Bears, I left for that place a long time ago even though bodily Im still in this Rat Race in the lower 48!

But you nailed it friend, I planned for that Scenario some years back. ;)
 
I would rather wear those than doom and gloom glasses.

It is simply a market correction that occurs in a cycle.

Well then here's some more rosy news to get that bounce in your step.

:up:

Das is pretty droll for a math whiz, but his message is dead serious.

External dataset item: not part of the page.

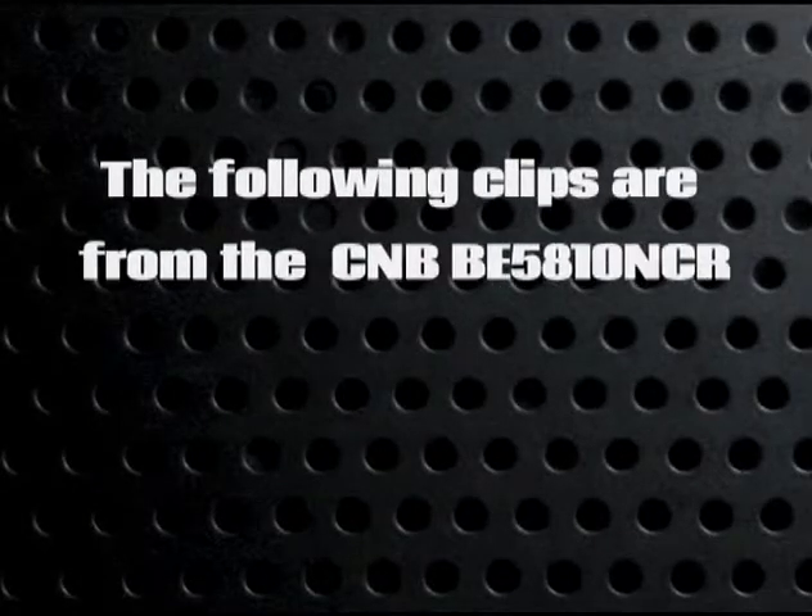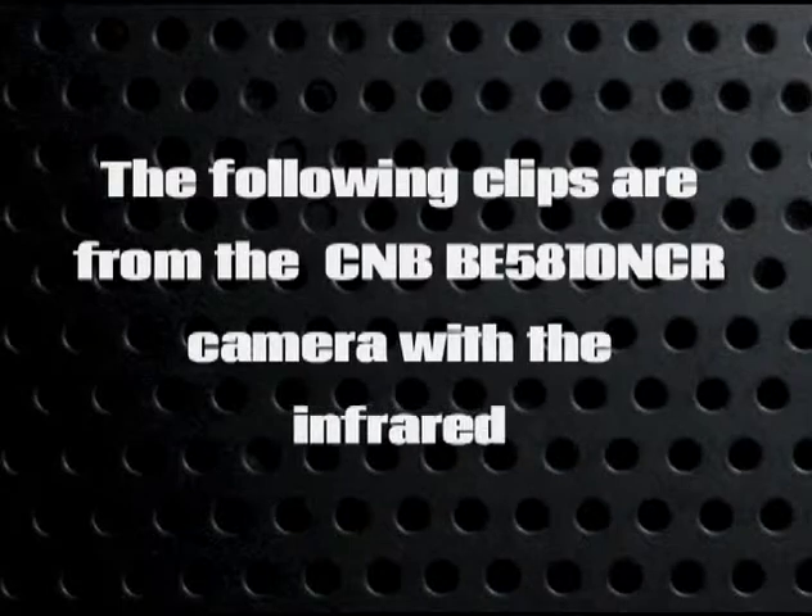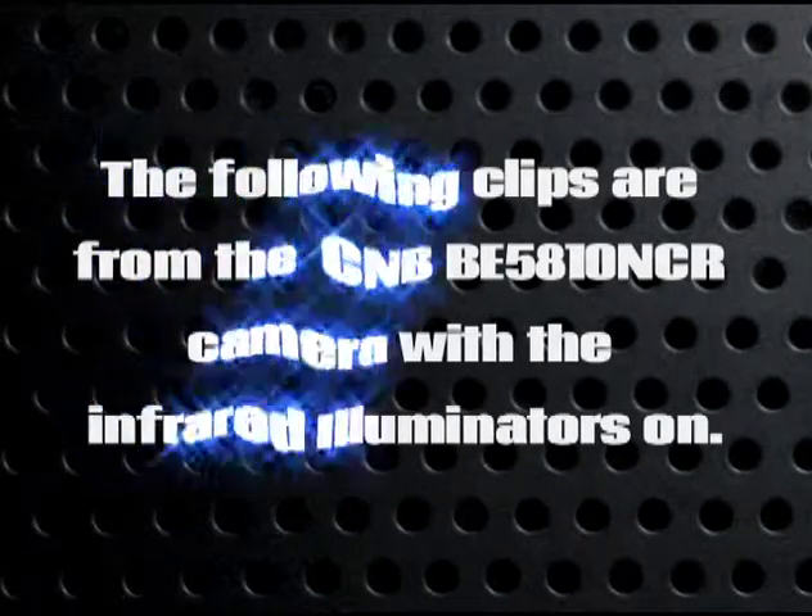The following clips are from the CMB BE5810NCR camera with the infrared illuminators on.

He thinks we're on the verge of a bear market of epic proportions.

The cause: Massive levels of debt underlying the world economy system are about to unwind in a profound and persistent way.

Like an ex-mobster turning state's witness, Das has turned his back on his old pals in the derivatives biz to warn anyone who will listen -- mostly banks and hedge funds that pay him consulting fees -- that the jig is up.

Rather than joining the crowd that blames the mess on American slobs who took on more mortgage debt than they could afford and have endangered the world by stiffing lenders, he points a finger at three parties: regulators who stood by as U.S. banks developed ingenious but dangerous ways of shifting trillions of dollars of credit risk off their balance sheets and into the hands of unsophisticated foreign investors; hedge and pension fund managers who gorged on high-yield debt instruments they didn't understand; and financial engineers who built towers of "securitized" debt with math models that were fundamentally flawed.

"Defaulting middle-class U.S. homeowners are blamed, but they are merely a pawn in the game," he says. "Those loans were invented so that hedge funds would have high-yield debt to buy."